The desired state may be rewritten$$^1$$ as $$|\psi\rangle=|0\rangle\otimes|\overline{W}\rangle+|1\rangle\otimes|W\rangle$$ where $$|W\rangle=|001\rangle+|010\rangle+|100\rangle$$ and $$|\overline{W}\rangle=|110\rangle+|101\rangle+|011\rangle=XXX|W\rangle$$.

Thus, we can obtain $$|\psi\rangle$$ in three steps. First, initialize four qubits $$1$$,$$2$$,$$3$$ and $$4$$ to $$|0000\rangle$$. Next, apply Hadamard to qubit $$1$$ and a circuit$$^2$$ that creates the W state to qubits $$2$$, $$3$$ and $$4$$. Then, apply $$X$$ to qubits $$2$$, $$3$$ and $$4$$. Finally, execute three controlled-NOT gates, each controlled by qubit $$1$$ and having qubits $$2$$, $$3$$ and $$4$$ as the target, respectively.

$$^1$$ As in the question, we ignore normalization.

$$^2$$ See here for an example of such a circuit.

• And the magic angle in the circuit of Footnote 2 is $cos^{-1}(-1/3)$ Commented Nov 8, 2022 at 2:32

While @Adam-Zalman's answer above is probably optimal, you can use Qiskit to get an answer to any state vector initialization problem.
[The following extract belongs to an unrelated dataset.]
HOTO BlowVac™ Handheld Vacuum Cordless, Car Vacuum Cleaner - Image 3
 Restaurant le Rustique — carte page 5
from qiskit import QuantumCircuit
import numpy as np

qc = QuantumCircuit(4)
# Create the desired state vector
vector = np.array([0, 0, 0, 1, 0, 1, 1, 0, 0, 1, 1, 0, 1, 0, 0, 0]) / np.sqrt(6)
qc.prepare_state(vector)
# So we can see what the final circuit really looks like:
qc = qc.decompose(reps=10)
qc.draw(fold=-1)


If you need to just quickly get the qubits into a particular state so that you can work on doing something else, this is the right solution. If the goal is to reach a particular solution optimally and understand how you got there, the other answer is best.

[Note: prepare_state() is the same as initialize(), except it doesn't zero the wires at the start. The result is a unitary gate.]